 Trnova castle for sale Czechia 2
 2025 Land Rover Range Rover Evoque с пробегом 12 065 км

* * *

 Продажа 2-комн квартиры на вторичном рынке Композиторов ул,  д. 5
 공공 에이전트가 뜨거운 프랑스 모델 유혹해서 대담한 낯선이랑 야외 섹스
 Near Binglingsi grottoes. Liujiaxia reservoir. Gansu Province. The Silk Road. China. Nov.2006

--

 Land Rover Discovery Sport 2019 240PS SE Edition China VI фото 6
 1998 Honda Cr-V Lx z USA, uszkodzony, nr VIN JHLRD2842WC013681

## EXERCISE DESCRIPTION
Of all the entries above, output exactly the lines between the one holding "Trnova castle for sale Czechia 2" and the one holding "2025 Land Rover", inclusive.

## WRITTEN RESPONSE
 Trnova castle for sale Czechia 2
 2025 Land Rover Range Rover Evoque с пробегом 12 065 км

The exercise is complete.